> [About this task]:
Would you transcribe the records below from the line with "Wall Plasterboard Fixing" to the line with "SilverTowne Morgan Style", ends included, exactly and with nothing more, leaving the pictures out?
*** Study material Section Begins ***
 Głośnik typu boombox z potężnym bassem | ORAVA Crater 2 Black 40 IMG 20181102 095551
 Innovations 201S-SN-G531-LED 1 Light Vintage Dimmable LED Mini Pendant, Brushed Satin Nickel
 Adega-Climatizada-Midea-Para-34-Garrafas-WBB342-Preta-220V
*** Study material Section Ends ***
*** Study material Section Begins ***
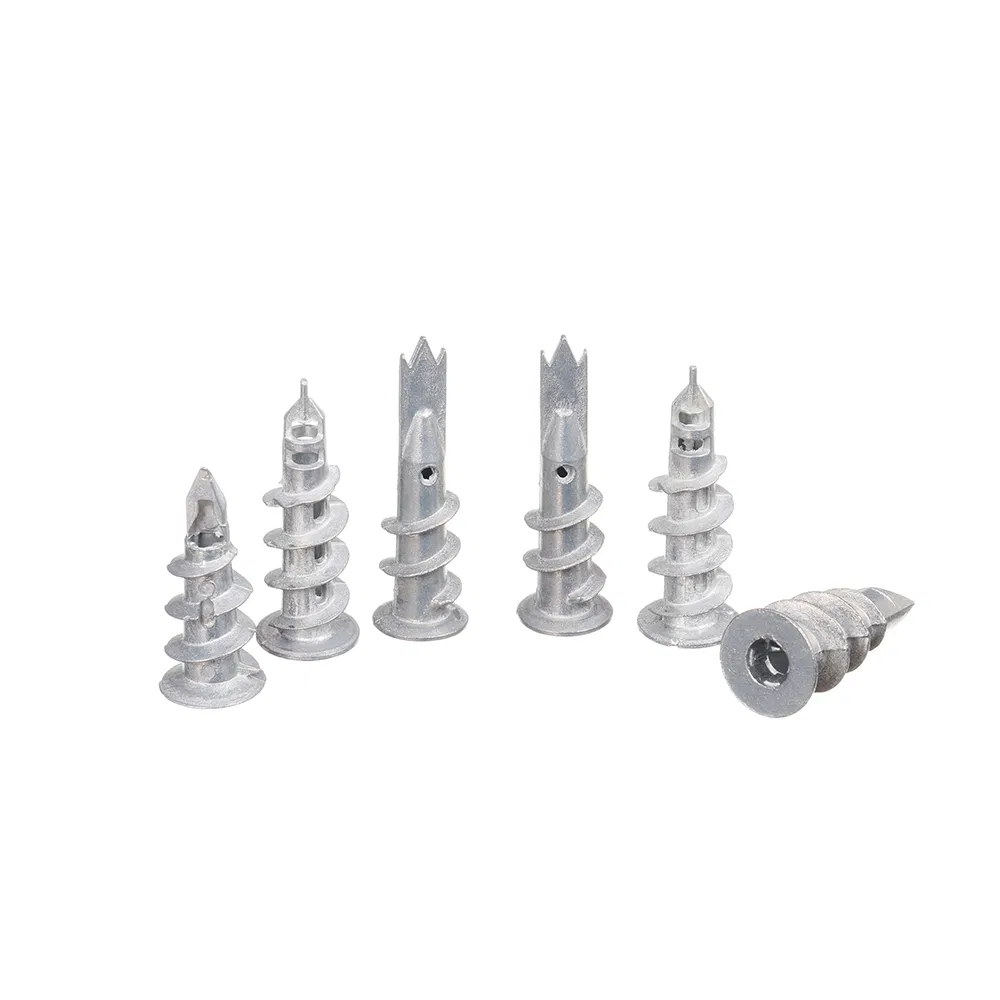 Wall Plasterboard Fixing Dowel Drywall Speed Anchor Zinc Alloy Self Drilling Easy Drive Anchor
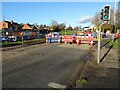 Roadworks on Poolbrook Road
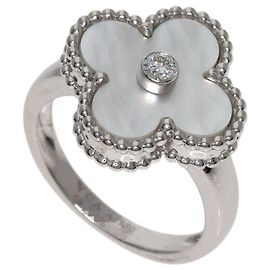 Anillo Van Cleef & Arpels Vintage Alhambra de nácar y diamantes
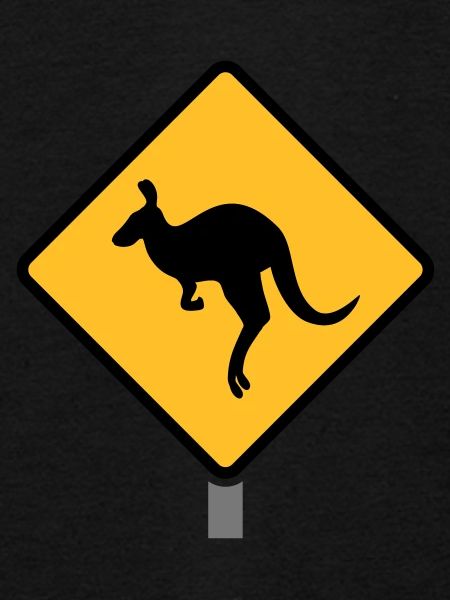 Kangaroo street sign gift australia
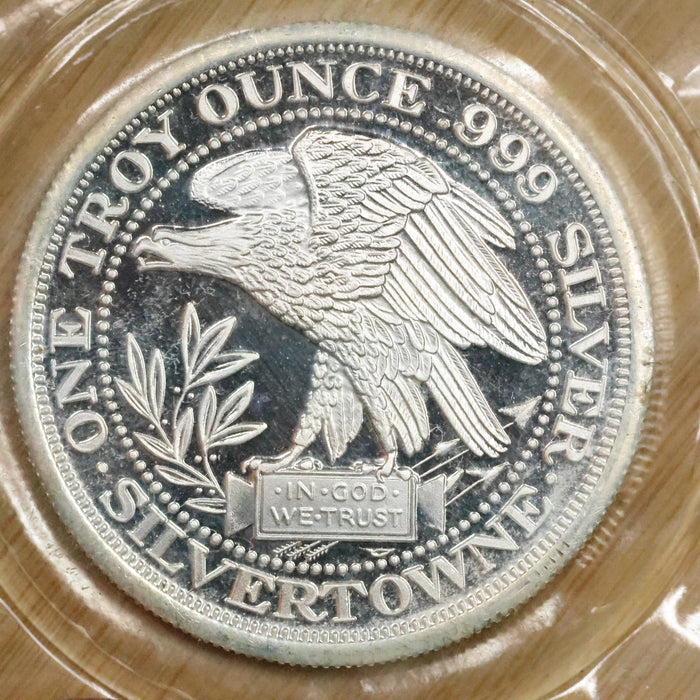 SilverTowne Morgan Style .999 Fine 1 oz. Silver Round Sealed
*** Study material Section Ends ***
> [Exercise answer]:
 Wall Plasterboard Fixing Dowel Drywall Speed Anchor Zinc Alloy Self Drilling Easy Drive Anchor
 Roadworks on Poolbrook Road
 Anillo Van Cleef & Arpels Vintage Alhambra de nácar y diamantes
 Kangaroo street sign gift australia
 SilverTowne Morgan Style .999 Fine 1 oz. Silver Round Sealed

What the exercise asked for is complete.